Source information >>
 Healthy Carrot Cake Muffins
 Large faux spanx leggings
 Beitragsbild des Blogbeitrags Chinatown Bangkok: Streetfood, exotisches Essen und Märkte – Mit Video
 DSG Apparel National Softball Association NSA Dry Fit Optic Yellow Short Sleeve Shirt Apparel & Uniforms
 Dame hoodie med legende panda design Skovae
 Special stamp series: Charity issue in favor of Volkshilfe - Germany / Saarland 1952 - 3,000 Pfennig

* * *

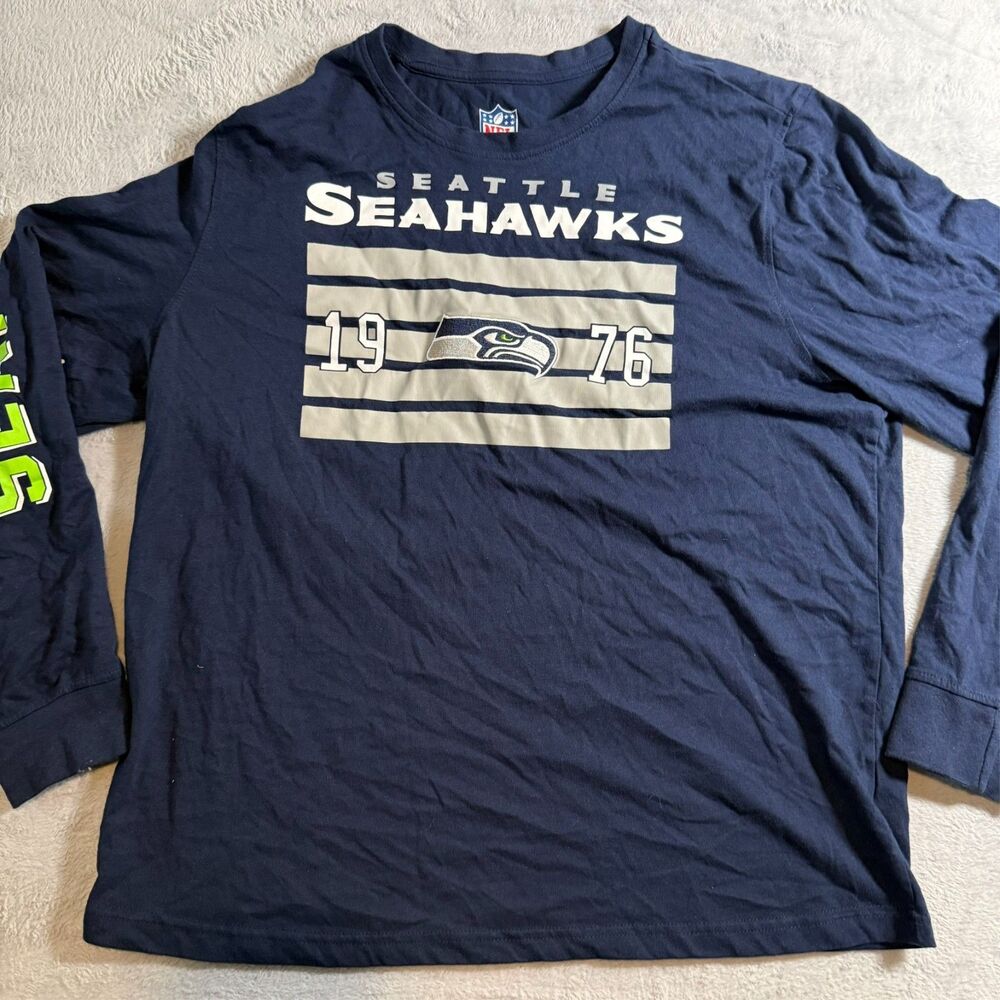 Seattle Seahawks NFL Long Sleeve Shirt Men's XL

How to complete this task >> Go to the line in the material above that contains "Beitragsbild des Blogbeitrags" and copy exactly from there through the line that contains "Special stamp series: Charity", stopping after it.

Response area >>
 Beitragsbild des Blogbeitrags Chinatown Bangkok: Streetfood, exotisches Essen und Märkte – Mit Video
 DSG Apparel National Softball Association NSA Dry Fit Optic Yellow Short Sleeve Shirt Apparel & Uniforms
 Dame hoodie med legende panda design Skovae
 Special stamp series: Charity issue in favor of Volkshilfe - Germany / Saarland 1952 - 3,000 Pfennig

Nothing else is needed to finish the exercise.